→ **Data to process**:
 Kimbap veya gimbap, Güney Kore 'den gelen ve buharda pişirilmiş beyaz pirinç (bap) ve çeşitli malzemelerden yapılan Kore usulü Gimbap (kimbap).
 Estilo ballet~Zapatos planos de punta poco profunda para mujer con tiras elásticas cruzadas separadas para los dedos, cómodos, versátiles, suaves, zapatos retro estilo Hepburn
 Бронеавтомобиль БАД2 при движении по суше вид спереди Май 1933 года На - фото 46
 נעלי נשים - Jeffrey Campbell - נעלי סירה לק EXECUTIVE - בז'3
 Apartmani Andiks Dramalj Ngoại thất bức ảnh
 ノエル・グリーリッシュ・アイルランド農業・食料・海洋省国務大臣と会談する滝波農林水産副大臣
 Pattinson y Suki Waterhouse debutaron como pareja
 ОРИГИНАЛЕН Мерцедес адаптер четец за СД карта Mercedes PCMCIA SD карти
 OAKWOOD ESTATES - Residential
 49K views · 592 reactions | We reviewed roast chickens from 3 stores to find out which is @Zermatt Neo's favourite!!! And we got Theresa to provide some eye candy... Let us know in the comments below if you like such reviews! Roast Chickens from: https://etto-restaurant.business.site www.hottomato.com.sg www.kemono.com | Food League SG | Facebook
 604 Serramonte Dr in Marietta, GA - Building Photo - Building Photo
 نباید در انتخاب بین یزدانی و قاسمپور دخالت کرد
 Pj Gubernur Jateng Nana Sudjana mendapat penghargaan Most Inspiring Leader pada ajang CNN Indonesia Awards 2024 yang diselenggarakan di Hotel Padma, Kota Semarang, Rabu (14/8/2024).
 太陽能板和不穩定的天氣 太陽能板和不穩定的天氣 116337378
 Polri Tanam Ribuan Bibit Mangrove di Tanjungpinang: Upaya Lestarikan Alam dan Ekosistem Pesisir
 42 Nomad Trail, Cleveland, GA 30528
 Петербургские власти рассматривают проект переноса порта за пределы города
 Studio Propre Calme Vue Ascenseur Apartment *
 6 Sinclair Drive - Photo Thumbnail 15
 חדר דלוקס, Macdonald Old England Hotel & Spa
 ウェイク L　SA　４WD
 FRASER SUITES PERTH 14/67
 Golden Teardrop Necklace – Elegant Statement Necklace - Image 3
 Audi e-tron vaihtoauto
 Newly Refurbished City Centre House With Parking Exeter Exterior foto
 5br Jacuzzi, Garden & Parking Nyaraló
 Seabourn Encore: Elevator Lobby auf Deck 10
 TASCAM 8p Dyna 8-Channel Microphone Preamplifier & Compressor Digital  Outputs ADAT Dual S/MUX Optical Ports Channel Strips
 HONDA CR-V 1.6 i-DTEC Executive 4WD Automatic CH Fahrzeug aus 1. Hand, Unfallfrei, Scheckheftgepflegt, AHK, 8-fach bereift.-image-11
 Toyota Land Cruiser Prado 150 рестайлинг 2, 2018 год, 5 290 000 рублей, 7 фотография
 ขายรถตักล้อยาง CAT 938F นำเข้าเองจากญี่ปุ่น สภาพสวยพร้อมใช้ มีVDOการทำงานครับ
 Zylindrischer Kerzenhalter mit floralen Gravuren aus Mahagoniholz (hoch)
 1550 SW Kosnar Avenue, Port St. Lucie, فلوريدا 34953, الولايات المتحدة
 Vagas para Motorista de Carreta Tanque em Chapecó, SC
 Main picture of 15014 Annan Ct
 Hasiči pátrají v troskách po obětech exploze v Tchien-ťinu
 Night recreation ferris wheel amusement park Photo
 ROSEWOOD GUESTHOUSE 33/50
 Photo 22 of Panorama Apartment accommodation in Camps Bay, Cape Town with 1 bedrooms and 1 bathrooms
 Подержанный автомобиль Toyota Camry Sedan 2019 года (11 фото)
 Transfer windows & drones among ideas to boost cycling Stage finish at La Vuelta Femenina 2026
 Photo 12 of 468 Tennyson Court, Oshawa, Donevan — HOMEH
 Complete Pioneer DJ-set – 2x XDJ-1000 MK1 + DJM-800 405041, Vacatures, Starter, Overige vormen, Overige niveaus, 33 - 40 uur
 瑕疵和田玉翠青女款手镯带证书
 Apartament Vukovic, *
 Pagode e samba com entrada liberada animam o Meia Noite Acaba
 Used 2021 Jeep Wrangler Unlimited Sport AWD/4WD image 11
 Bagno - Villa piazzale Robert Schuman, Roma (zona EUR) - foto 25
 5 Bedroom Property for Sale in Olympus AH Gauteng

→ **About this exercise**:
Search the preceding listing for "Photo", then copy every line that holds it.

→ **Your solution**:
 604 Serramonte Dr in Marietta, GA - Building Photo - Building Photo
 6 Sinclair Drive - Photo Thumbnail 15
 Night recreation ferris wheel amusement park Photo
 Photo 22 of Panorama Apartment accommodation in Camps Bay, Cape Town with 1 bedrooms and 1 bathrooms
 Photo 12 of 468 Tennyson Court, Oshawa, Donevan — HOMEH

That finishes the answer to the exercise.